E fomos passando, com perdas e sofrimento.

Parentes, amigos e conhecidos morreram.

Eu fiquei internado onze dias. 

E só piorou.

Imagens impactantes.

Falta de recursos.

Erros de avaliação.

Mortes e mais mortes.

E cada número era o amor de alguém.

Tempos difíceis. Muito difíceis.



Tive um sonho ruim, uma noite dessas.

Uma sensação de desorientação e medo.

Deitado, vi primeiro aqueles pés, usando sapatos baratos.

Levantei os olhos e aquele homem apontava para cima.

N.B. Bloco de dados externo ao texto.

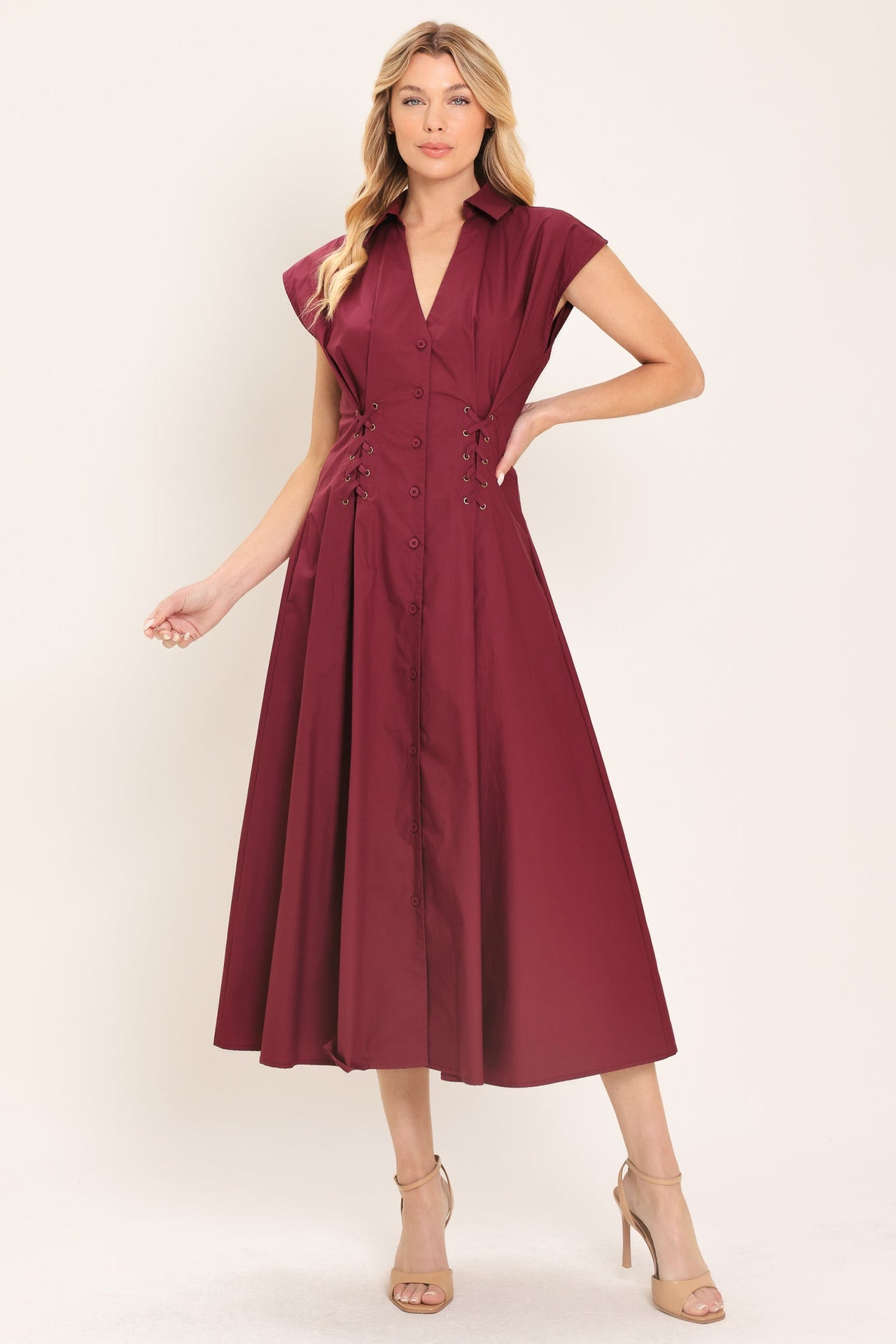 CABERNET CHARM WOVEN MIDI DRESS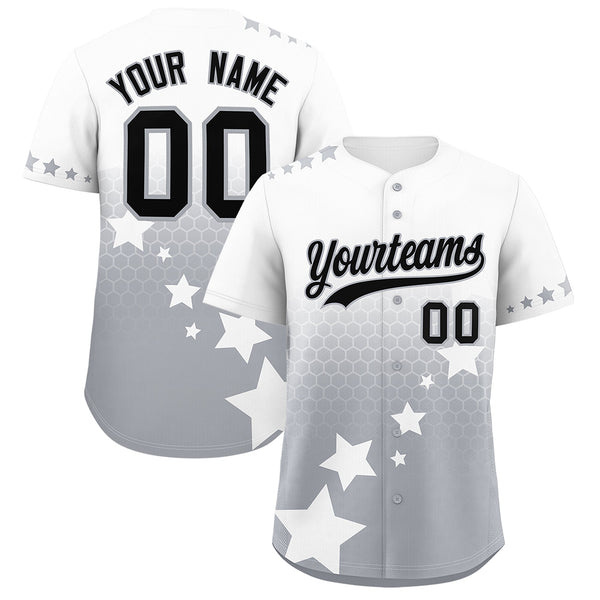 Custom White Gray Black Rising Stars Series Gradient Fashion Baseball Jersey | BuyFootballJersey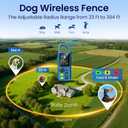 Wireless Dog Fence System, 5-in-1 Electric Fence for Dogs, Protection & Training, Fence Range up to 394 Ft, Training Distance up to 3300 Ft, with Remote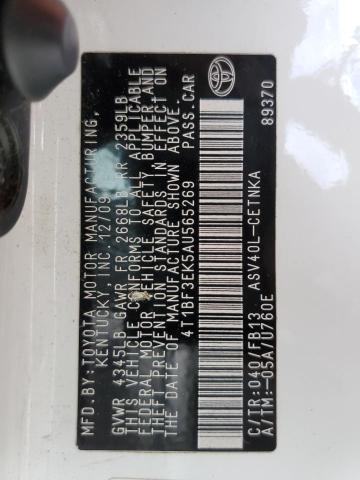 4T1BF3EK5AU565269 - 2010 TOYOTA CAMRY BASE 白色 照片 12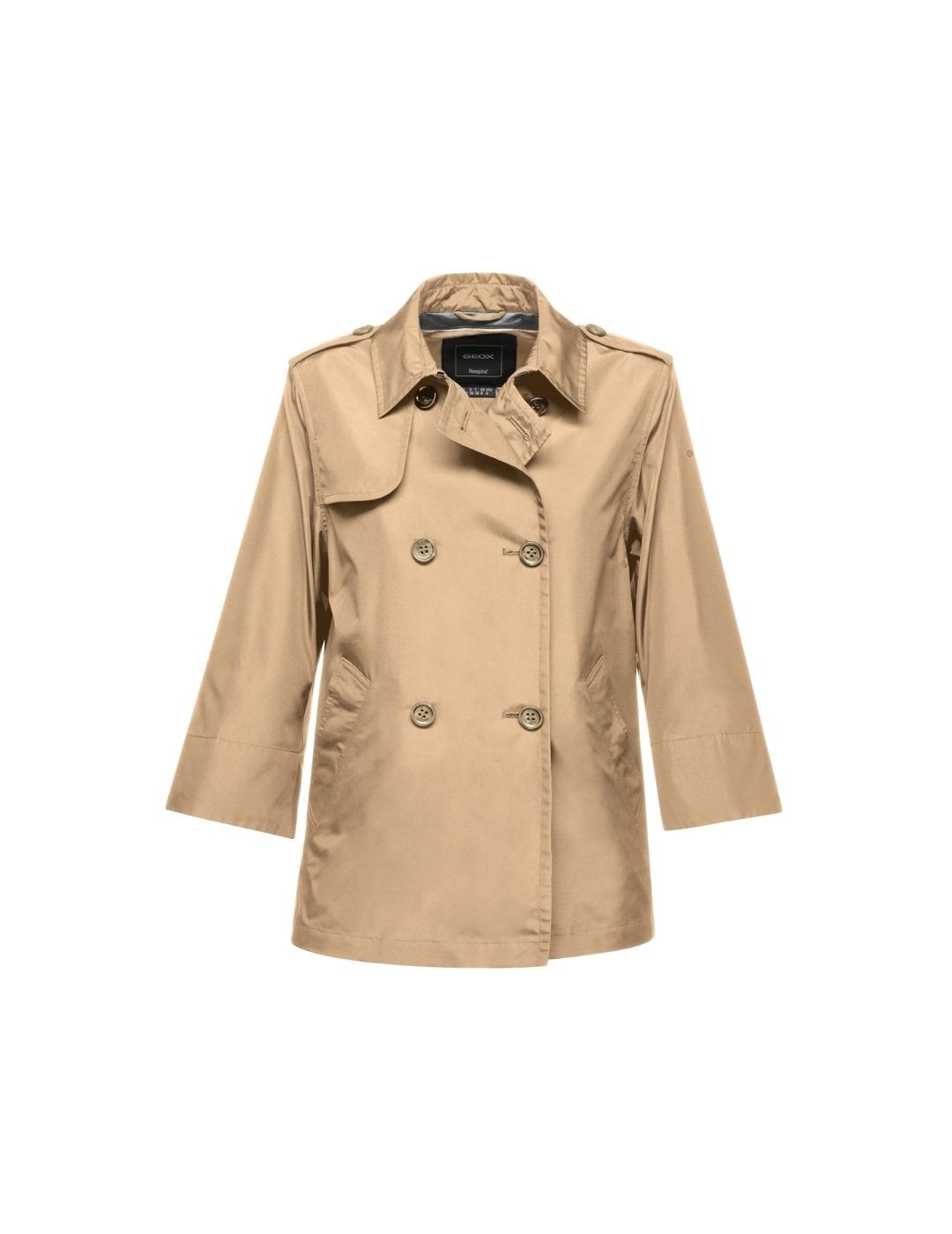 Geox Gabardina Corta Soleil Beige mujer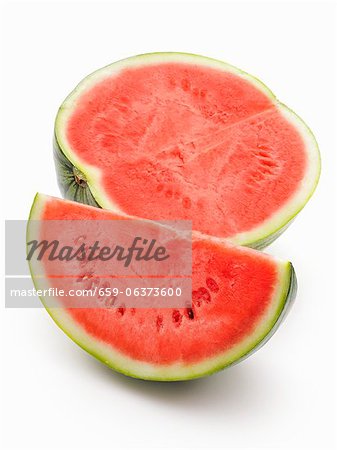 Watermelon, a half and a wedge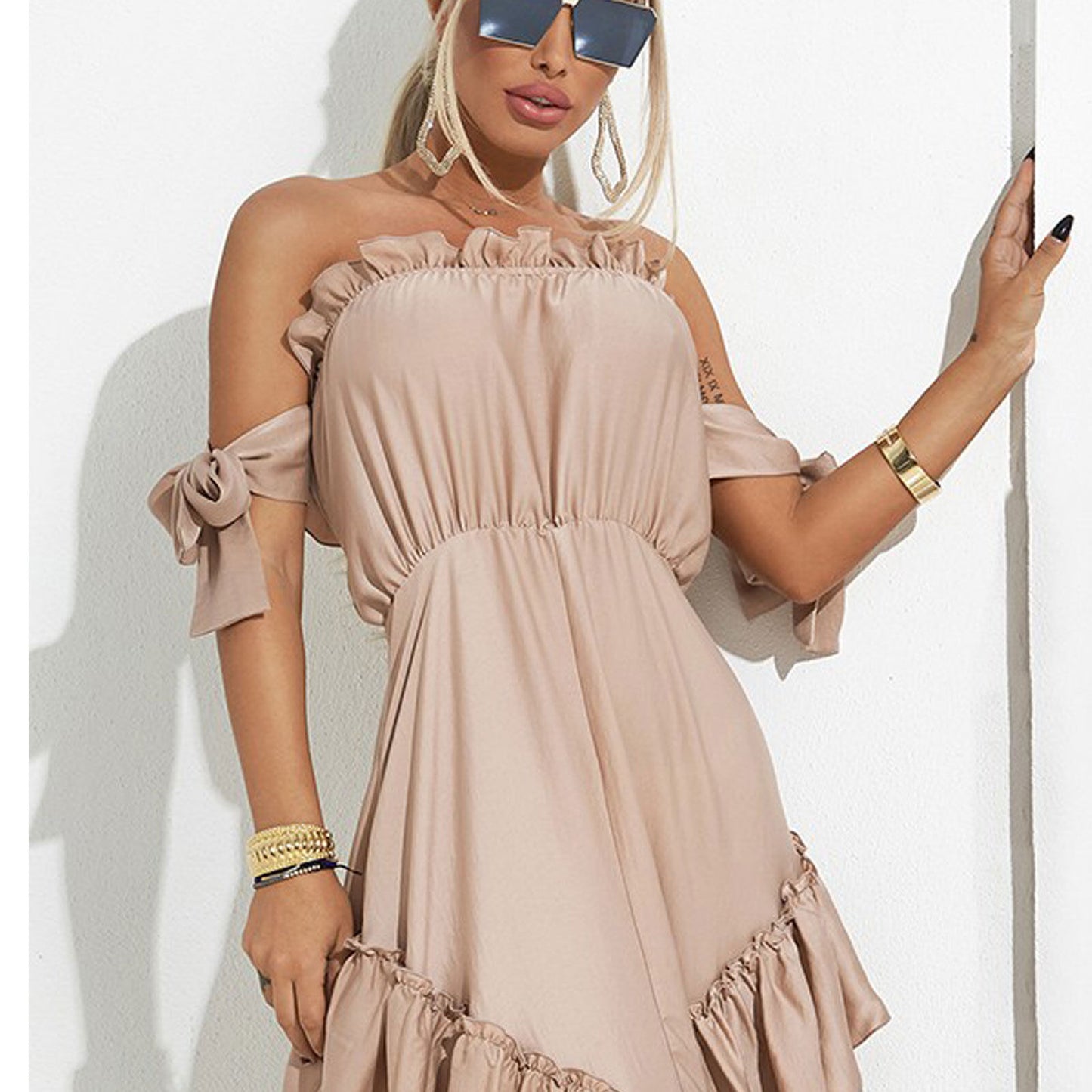 Mexton Maxikleid Strandkleid, langes Bandeau-Kleid, Sommerkleid in XS und S, leichtes und luftiges Design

Lá em cima, o sol, lutando para irromper entre as nuvens.



Meu pai era um brincalhão.

Próximo a passagem, era uma pessoa simplória.

A luz desta vida se apagava ante nossos olhos.

Morreu dormindo. Como acho que morrem os bons.

Mas sempre me lembro do seu peculiar bom humor.

Quando, em tempos nebulosos como esses, eu gravemente dissesse para ele, “ninguém sabe o dia de amanhã, pai”, ele jocosamente diria – “Sexta-feira. Pois hoje é quinta, meu filho.

Meu pai sempre prometeu o sol se o sol saísse.

E nunca me faltou sol.

O calor dele ou a expectativa por ele.

Quando eu não o tinha hoje, eu sabia que um dia ele viria.

Não há  noite que dure para sempre.

Meu pai não viu a pandemia. Não como nós.

Mas tenho a genuína sensação de que agora ele está vendo.